Clémence Corvée, Responsable environnement et énergie chez Bonduelle.
ALLICE : Bonduelle est le leader mondial du légume prêt à l’emploi, avec 58 sites et une présence dans 18 pays. À cette échelle, il est aisé d’imaginer l’ampleur des actions de décarbonation et de transition énergétique à mener. Comment le groupe Bonduelle aborde-t-il ce challenge ?
Clémence Corvée : L’enjeu est considérable. Mais je dirais que notre avantage principal réside dans le fait d’être un groupe familial avec une culture proche de la terre, qui nous offre notre matière première. Notre lien aux champs a fait naître très tôt au sein du groupe une forte conscience des enjeux environnementaux et climatiques, notamment sur la question de l’agriculture régénératrice. Ensuite, nous nous sommes intéressés aux enjeux de décarbonation et de transition énergétique.
Quelles ont été les différentes étapes de cette démarche ?
Nous avons fixé des objectifs ambitieux en termes de décarbonation et de transition énergétique. Nous avons commencé en 2015 avec des audits énergétiques qui ont été réalisés à tous les niveaux des usines et des sites industriels. Aujourd’hui la très grande majorité de nos sites français et européens sont certifiés ISO 50 001. Cela a permis d’accélérer la démarche d’efficacité énergétique et la mise en place de projets.
Le groupe s’est également lancé dans un objectif de certification BCORP, qui voit plus loin que le carbone. C’est une certification large des entreprises à impact positif qui évalue notre engagement RSE, à savoir notre impact sur l’environnement et nos engagements sociaux. Aujourd’hui, 80 % de notre périmètre est certifié avec un objectif à 100% en 2025.
Notre groupe s’inscrit également dans une stratégie SBTI [Science-Based Target Initiative] avec l’objectif de net zéro à 2050. Cet engagement a mis un coup d’accélérateur sur les sujets de la transition énergétique qui seront portés ensuite par chacun des responsables énergies de chaque site.
Avez-vous un exemple marquant à citer en termes d’actions de décarbonation ?
Oui, nous avons mis en place une chaudière biomasse sur notre site historique de Renescure. Le projet est soutenu par l’ADEME et a été inauguré en juin 2024.
Cette chaudière sera utilisée dans le cadre du procédé de production de vapeur pour blanchir les légumes et stériliser nos boîtes de conserves. Cette chaudière représente 6000 tonnes CO2eq évitées. C’est le plus gros projet que nous avons mené jusqu’ici.

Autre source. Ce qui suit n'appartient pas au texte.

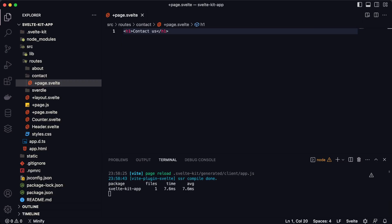So remember: if you want to create a new route inside a SvelteKit application, you need to create a separate folder inside the routes folder, and inside that folder create a +page.svelte file as the template for that route.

Comment se construit votre réflexion sur les arbitrages à faire : technologies, changement de mix énergétique etc. ?
Nous avons commencé par installer plusieurs technologies de manière indépendante. Maintenant nous sommes au stade où nous structurons une stratégie globale et détaillée pour atteindre notre objectif final.
Dans cette phase, les études ALLICE sur les différentes solutions nous sont très utiles. Elles nous permettent de savoir ce qui se fait ailleurs en termes de technologies : solaire thermique, PAC THT, récupération de chaleur, etc. ALLICE nous permet également de bénéficier de retours d’expériences d’autres industriels.
Est-ce qu’une étude en particulier a pu vous aider ?
Oui, par exemple, nous nous sommes servis de l’étude sur la décarbonation de l’industrie agroalimentaire comme d’une sorte de benchmark : comment peut-on gagner en efficacité énergétique ? Quelles sont les limites de certaines technologies ? Lesquelles sont les mieux adaptées à nos procédés ? L’étude ALLICE nous donne un axe, une ouverture sur des échanges plus techniques. C’est un pool d’idées à regarder, pour nous tenir au courant de ce qui va sortir à long terme.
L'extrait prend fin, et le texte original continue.